Proposal: Low-cost defers through inline code, and extra funcdata to manage the panic case

Author(s): Dan Scales, Keith Randall, and Austin Clements (with input from many others, including Russ Cox and Cherry Zhang)

Last updated: 2019-09-23

Discussion at https://golang.org/issue/34481

General defer performance discussion at https://golang.org/issue/14939.

Abstract

As of Go 1.13, most defer operations take about 35ns (reduced from about 50ns in Go 1.12). In contrast, a direct call takes about 6ns. This gap incentivizes engineers to eliminate defer operations from hot code paths, which takes away time from more productive tasks, leads to less maintainable code (e.g., if a panic is later introduced, the "optimization" is no longer correct), and discourages people from using a language feature when it would otherwise be an appropriate solution to a problem.

We propose a way to make most defer calls no more expensive than open-coding the call, hence eliminating the incentives to shy away from using this language feature to its fullest extent.

Background

Go 1.13 implements the defer statement by calling into the runtime to push a "defer object" onto the defer chain.

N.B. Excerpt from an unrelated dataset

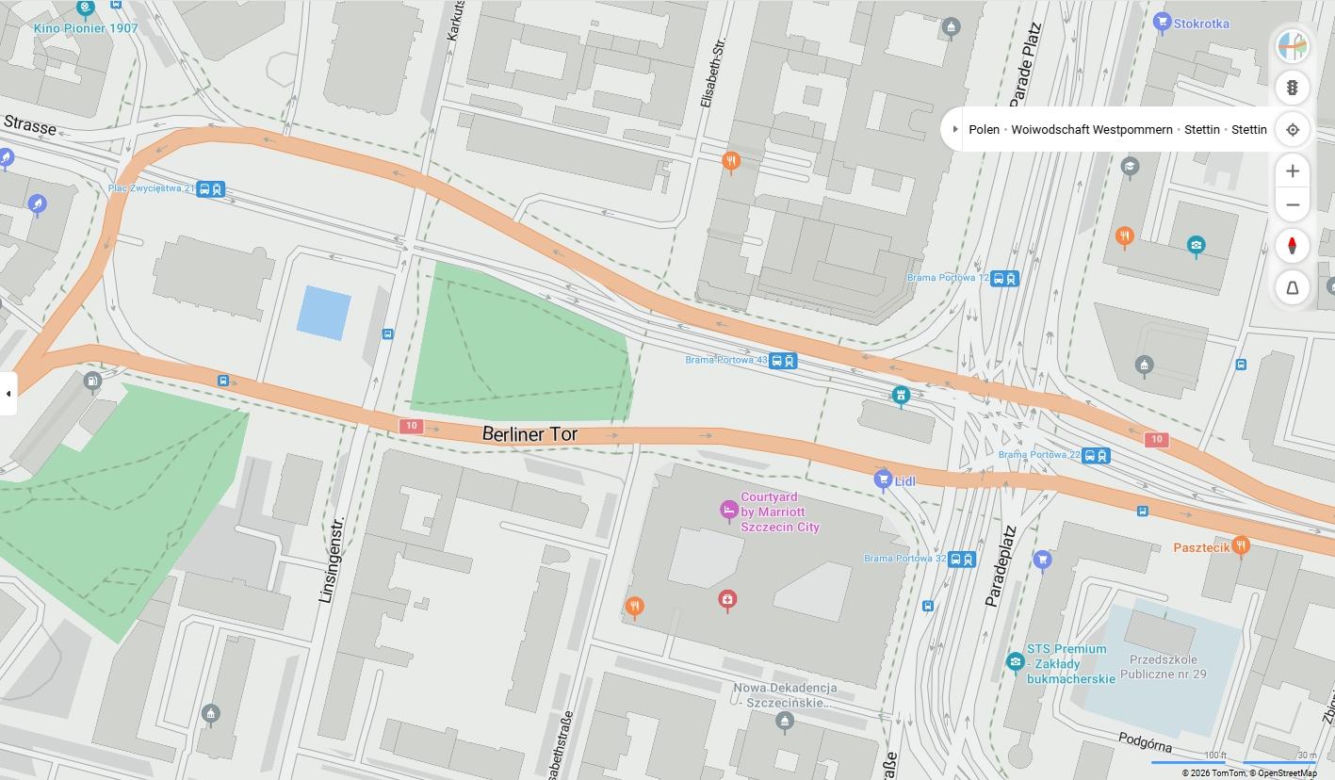 Niemieckie nazwy ulic w Szczecinie na mapach Bing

Then, in any function that contains defer statements, the compiler inserts a call to runtime.deferreturn at every function exit point to unwind that function's defers. Both of these cause overhead: the defer object must be populated with function call information (function pointer, arguments, closure information, etc.) when it is added to the chain, and deferreturn must find the right defers to unwind, copy out the call information, and invoke the deferred calls. Furthermore, this inhibits compiler optimizations like inlining, since the defer functions are called from the runtime using the defer information.

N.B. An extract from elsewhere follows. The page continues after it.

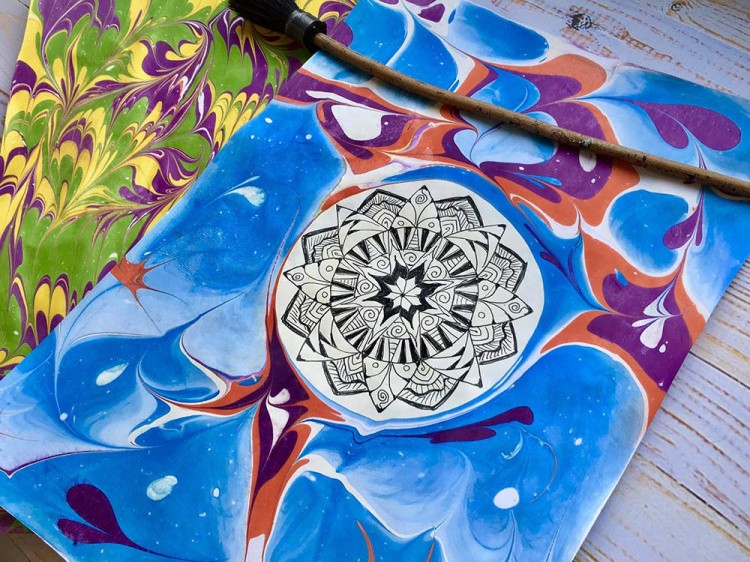 Краска для эбру темно-синяя 30 мл, Amazing Color — картинка 3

When a function panics, the runtime runs the deferred calls on the defer chain until one of these calls recover or it exhausts the chain, resulting in a fatal panic. The stack itself is not unwound unless a deferred call recovers. This has the important property that examining the stack from a deferred call run during a panic will include the panicking frame, even if the defer was pushed by an ancestor of the panicking frame.

In general, this defer chain is necessary since a function can defer an unbounded or dynamic number of calls that must all run when it returns. For example, a defer statement can appear in a loop or an if block. This also means that, in general, the defer objects must be heap-allocated, though the runtime uses an allocation pool to reduce the cost of the allocation.

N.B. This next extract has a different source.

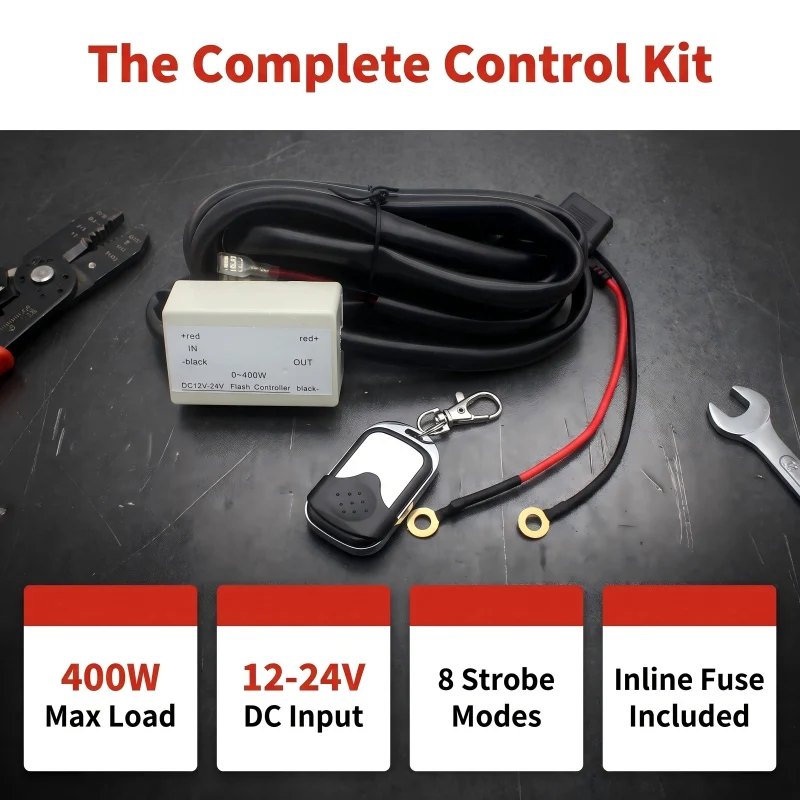 400W Load LED Light Strip Wiring Harness Kit RF On/Off Flashing Controller 12V For Car Truck Off Road Work Light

This is notably different from exception handling in C++ or Java, where the applicable set of except or finally blocks can be determined statically at every program counter in a function. In these languages, the non-exception case is typically inlined and exception handling is driven by a side table giving the locations of the except and finally blocks that apply to each PC.

However, while Go's defer mechanism permits unbounded calls, the vast majority of functions that use defer invoke each defer statement at most once, and do not invoke defer in a loop. Go 1.13 adds an optimization to stack-allocate defer objects in this case, but they must still be pushed and popped from the defer chain. This applies to 363 out of the 370 static defer sites in the cmd/go binary and speeds up this case by 30% relative to heap-allocated defer objects.

This proposal combines this insight with the insights used in C++ and Java to make the non-panic case of most defer operations no more expensive than the manually open-coded case, while retaining correct panic handling.

Requirements

While the common case of defer handling is simple enough, it can interact in often non-obvious ways with things like recursive panics, recover, and stack traces. Here we attempt to enumerate the requirements that any new defer implementation should likely satisfy, in addition to those in the language specification for Defer statements and Handling panics.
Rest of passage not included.